GIVEN INFORMATION:

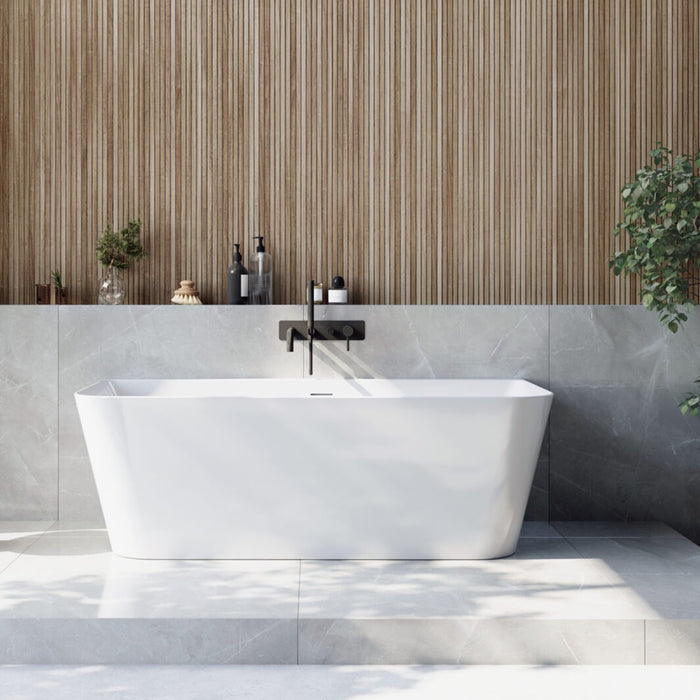 Scudo Porto Back to Wall Double Ended Freestanding Bath - 1700mm x 800mm - Gloss White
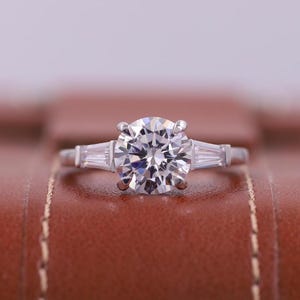 Three Stone Engagement Ring, Round Lab Grown Diamond Ring, Side Tapered Baguettes Ring, IGI Certified Diamonds Wedding Ring, Gift for Women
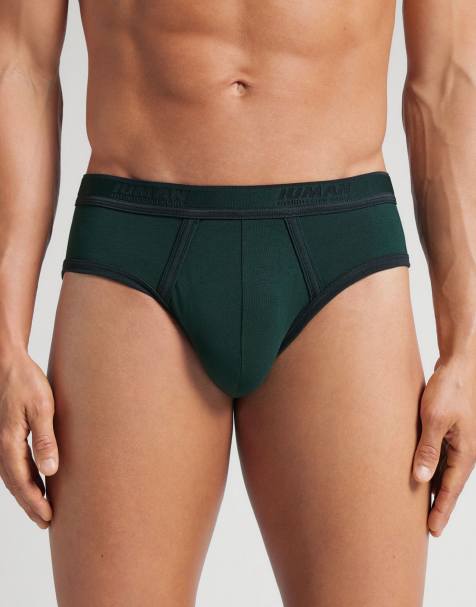 Intimissimi Men’s superior cotton briefs with logo in dark green and night blue - view 1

WHAT IS BEING ASKED: Transcribe the lines above exactly, setting aside any picture among them.

YOUR RESPONSE:
 Scudo Porto Back to Wall Double Ended Freestanding Bath - 1700mm x 800mm - Gloss White
 Three Stone Engagement Ring, Round Lab Grown Diamond Ring, Side Tapered Baguettes Ring, IGI Certified Diamonds Wedding Ring, Gift for Women
 Intimissimi Men’s superior cotton briefs with logo in dark green and night blue - view 1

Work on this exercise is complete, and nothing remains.